To Nationals and Back: Molly Martorella

This is the first of a two-part series tracing the paths of two varsity athletes who have made it to Nationals this spring. Sophomore Molly Martorella punched her ticket to the Indoor Track and Field North Coast Atlantic Conferencec Championship last weekend in Grinnell, Iowa, after several record-breaking sub-five minute miles earlier this season. Her time of 5 minutes, 2.77 seconds placed her 12th of 15 in the qualifying round of the mile. The time wasn’t quite quick enough to advance her to finals, but make no mistake, she has an excuse (not that she’s making any). She almost died trying.

Quinn Hull, Staff Writer

Rumor has it you had some “airplane trouble” on the way to the meet last Thursday.

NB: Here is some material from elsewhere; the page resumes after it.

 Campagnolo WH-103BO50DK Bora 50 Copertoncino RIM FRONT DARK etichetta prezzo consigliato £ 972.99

Yeah. They made us fly out of Cleveland even though there was no possible way to land in Memphis [because of inclement weather]. We tried to land once and it was really bad. It was like being inside of a roller coaster but not being able to see where you were going. … I was just trying not to vomit. [Head Coach] Ray [Appenheimer] was a little nauseous. [Assistant Coach] Alaina [Chodoff] was just grabbing onto the guy sitting next to her, panicking, and he was trying to reassure her.

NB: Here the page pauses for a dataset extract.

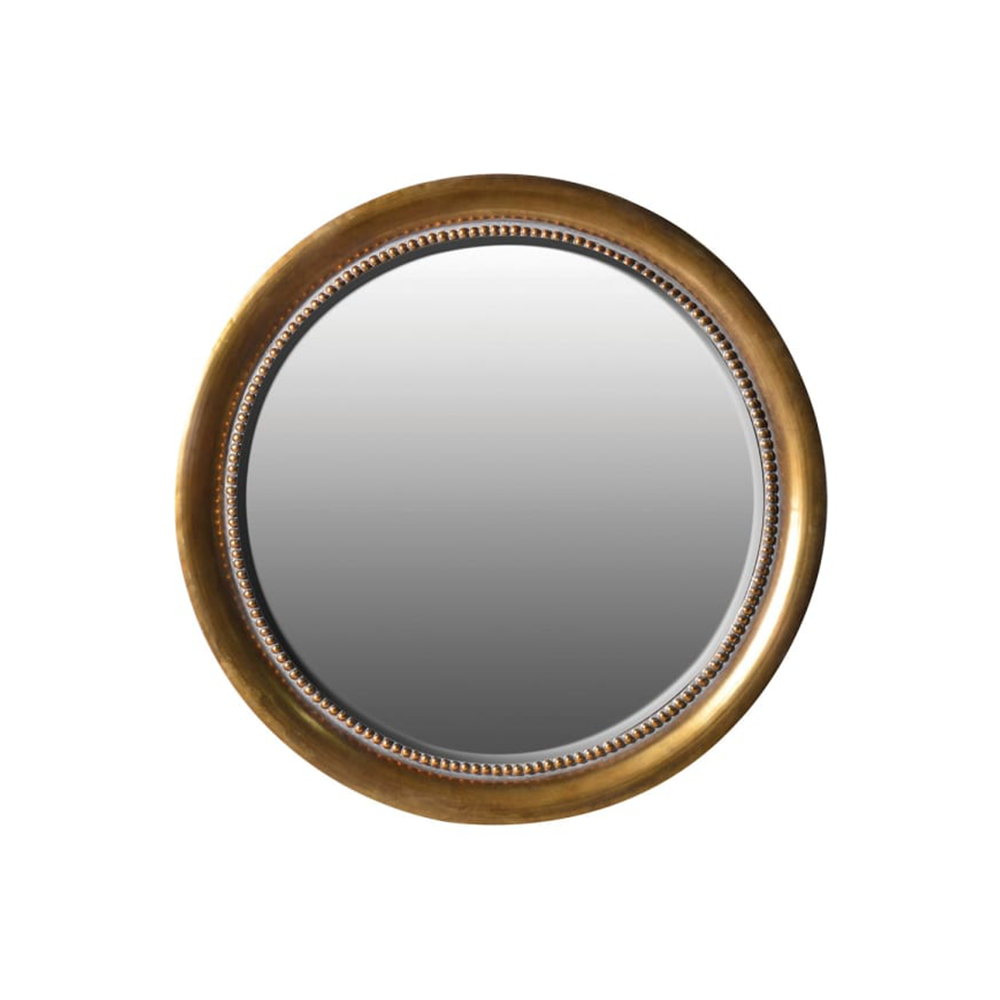 Round Gold Wall Mirror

A lot of people were freaking out, but there were some people we couldn’t understand that were, like, laughing. … I guess different people have different ways of dealing with situations. … It was kind of funny and comical to look back on it.

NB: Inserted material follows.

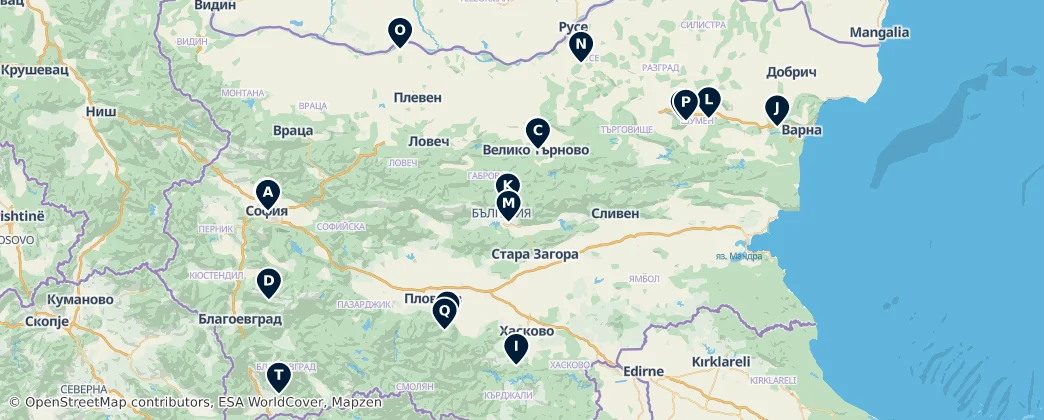 Map of Bulgarien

That doesn’t sound funny at all. How did you make it to the meet?

They ended up flying us down to Greenville, MS, and we’re waiting for six hours in this dinky little airport in the middle of nowhere, with one room. … There’s no food, ‘cause it’s not a real airport, so we’re eating little peanuts and pretzels that they give us. … We don’t get back to Memphis until nine that night, too late to take another flight out. The next morning we booked a flight to Omaha, NE. And then we have to rent a car in Omaha and drive three hours to Grinnell College [in Iowa], and we get there at 2:15 [p.m.], like three hours before my race.

Did it affect your race?

Mentally I think I stayed pretty focused and determined. But physically, after thinking about it for a couple days … I was so fit at this time that there’s no reason I should have been that flat on the last lap.

Was that disappointing?

It’s not the fact that I got 12th at all. It’s the fact that I had expectations for this race to, like, finally be some testament to all the hard work I’ve done this season, and to go there and run basically my slowest mile time of the season … just kind of sucked. If I’d gotten 12th and a [personal record], it would have been no big deal to me. I would’ve been like, “hells yeah.”

Was there anything worth taking away from the experience?

I think as a whole, it was just an awesome learning experience because I did learn a lot about how to position myself and also from watching races, from watching the 5k later on, which I’ll run in the spring — just being able to see the competition at that level. And it was fun, I mean, it was a good time.